They are wired to know which is which.

--- End quote ---

I always found that to be humorous. MAMEDev seem to really push hard on accurately simulating the hardware for these machines, but there seems to be some hesitation to accurately accept input for very specific parts, like the shifter in question, and give us command line access to enable them. I think I understand that the MAMEDevs want to code for the lowest common denominator, but there are some arcade games that simply cannot be accurately simulated without the necessary hardware.

In any case, I've been told by some people that some analog control input do exist in code for certain games, but are commented out. One would need to examine the code, re-enable them and recompile. Unfortunately, I don't recall which games are like this except for Pole Position's pedals.

Edit: for clarification

u_rebelscum:


--- Quote from: SavannahLion on November 03, 2007, 02:26:22 pm ---I always found that to be humorous. MAMEDev seem to really push hard on accurately simulating the hardware for these machines, but there seems to be some hesitation to accurately accept input for very specific parts, like the shifter in question, and give us command line access to enable them. I think I understand that the MAMEDevs want to code for the lowest common denominator, but there are some arcade games that simply cannot be accurately simulated without the necessary hardware.

--- End quote ---

I felt the same way, but then tried to edit mame for a few special-inputs games.  The problem is windows input system.  (Actually all computers input systems.)  Mame has to use it, and gets all the limits of it.  There is no way in modern OSs for mame to directly talk to the input devices like real arcades did.  Thus making any attempt to "accurately emulate" the original inputs to really be simulating the inputs.

So why should a dev program for an input device he does not have, which wouldn't work without special drivers, when a 20 line hack will do the nearly the same thing on what they have to test with?

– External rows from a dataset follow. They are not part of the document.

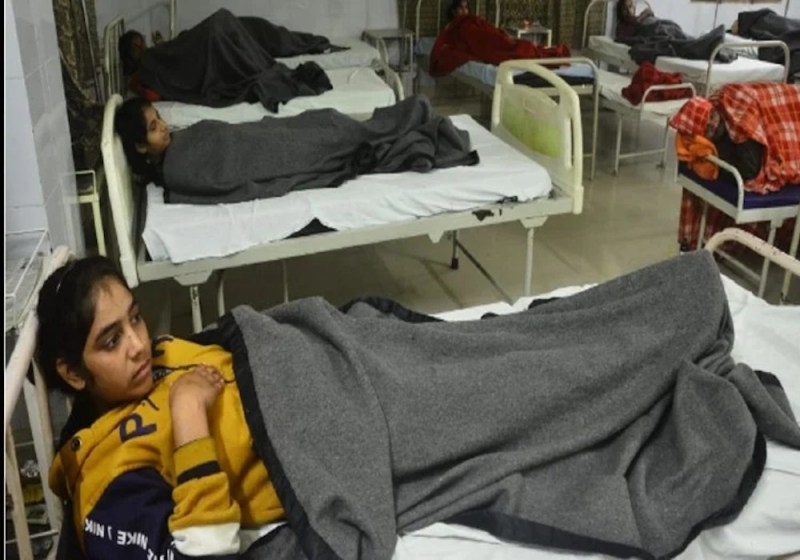 Many Students Protest For Being Served Substandard Bad Quality Food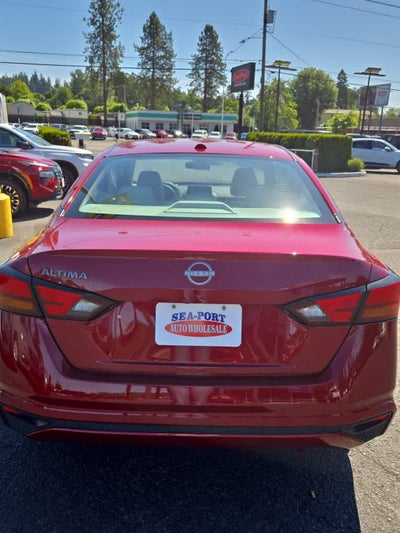 2025 Nissan Altima SV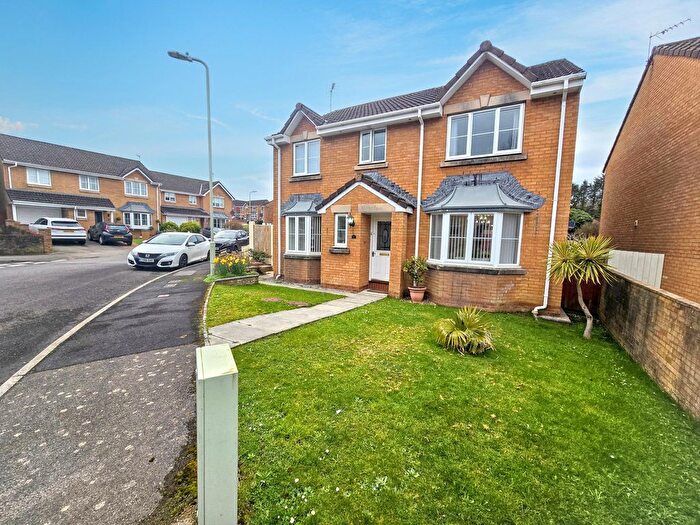 4 Bedroom Detached House For Sale In Ysbryd-Y-Coed, Pen-Y-Fai, CF31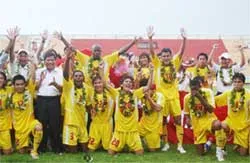 Đồng Tháp vô địch, CLB TPHCM xuống hạng ảnh 1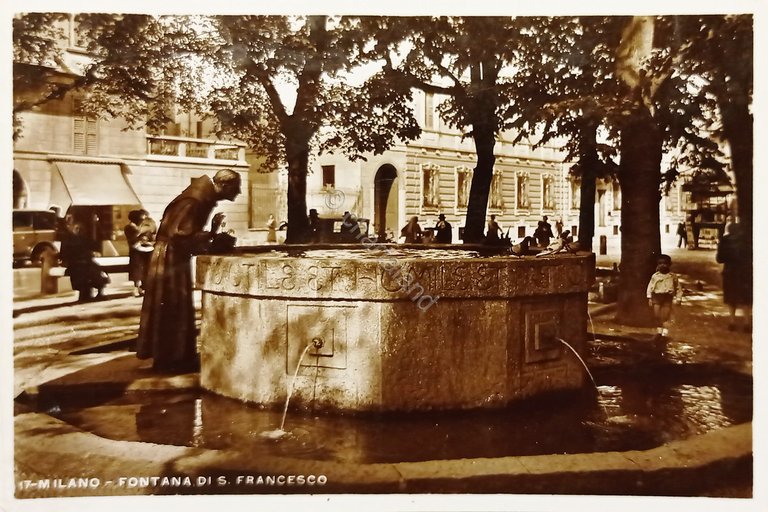 Cartolina - Milano - Fontana di S. Francesco - 1940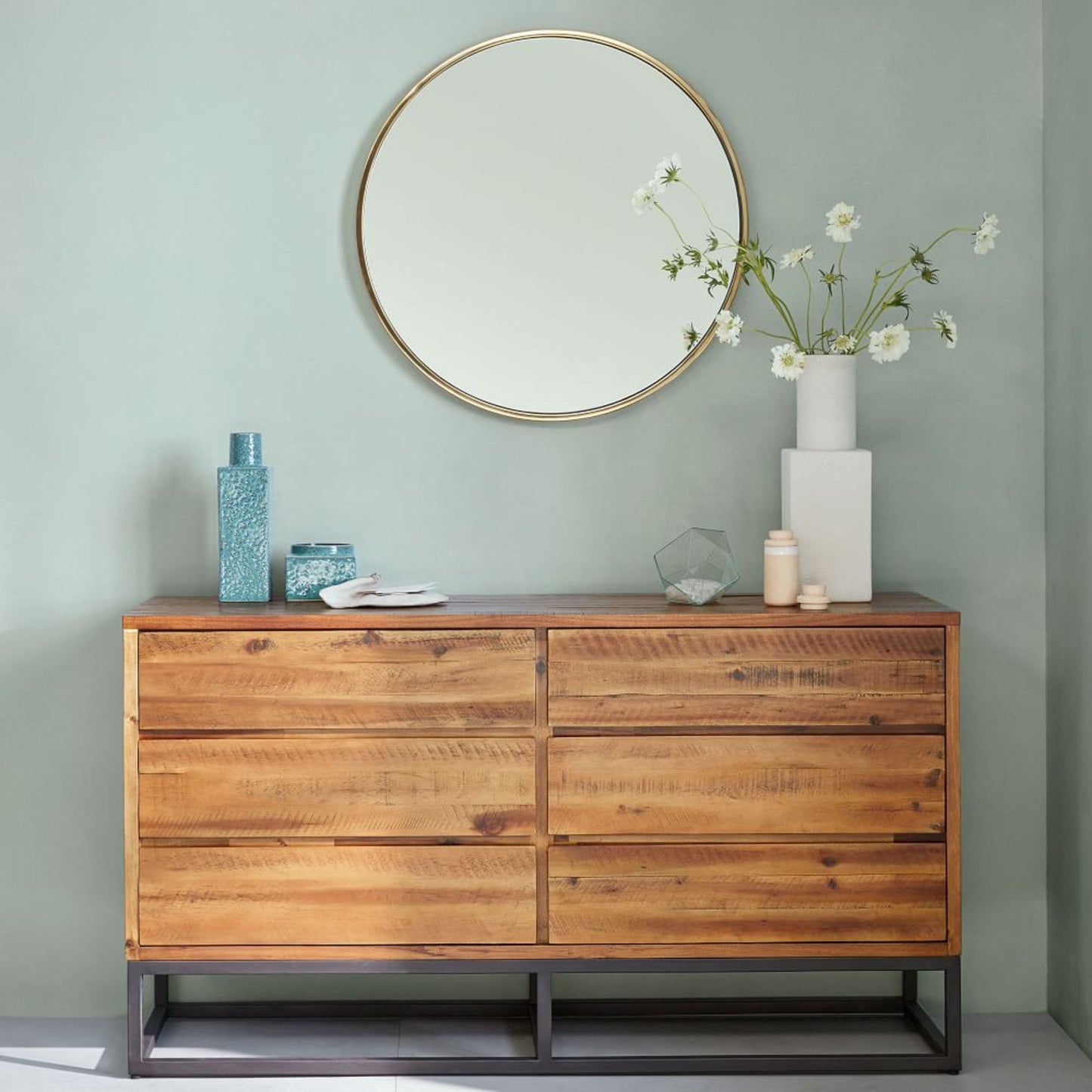 Round Wall Mirror Bathroom Makeup Mirror 60CM Vanity Shape Gold Color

720 is an example where mame went from almost accurately emulating (one dial axis instead of one normal spinner aixs + one index axis), to a much more user friendly simulation but far less accurate emulation of the original input (analog joystick to dial translation), and 99% of the users were happier. :dunno

brandon:

...and 99% of users would be happier if Mame would make use of 3D acceleration instead of emulating 3D hardware at 5 FPS... but I dont see that changing anytime soon :)   but anyways... with all the specialized hardware interfaces (optical, analog, and digital) from folks like Ultimarc and Groovy Game Gear couldnt Mame more closely emulate the hardware now?  I know Mame can't directly "talk" to your spinner because of all the layers of OS but couldnt Mame read raw data from some of these speciallized devices by way of USB?  I guess as it is now optical interfaces show up as a mouse to the OS but that's just for simplicity sake right?  I wish there was a way to eliminate the sensitivity settings and other "conversions" in Mame and just have the Mame driver read "pulses" from the actually hardware.. be it an arkanoid spinner, 720 stick, pole position wheel.. etc...

u_rebelscum:


--- Quote from: u_rebelscum on November 05, 2007, 07:58:00 pm ---... all computers input systems....  Mame has to use it, and gets all the limits of it.  ...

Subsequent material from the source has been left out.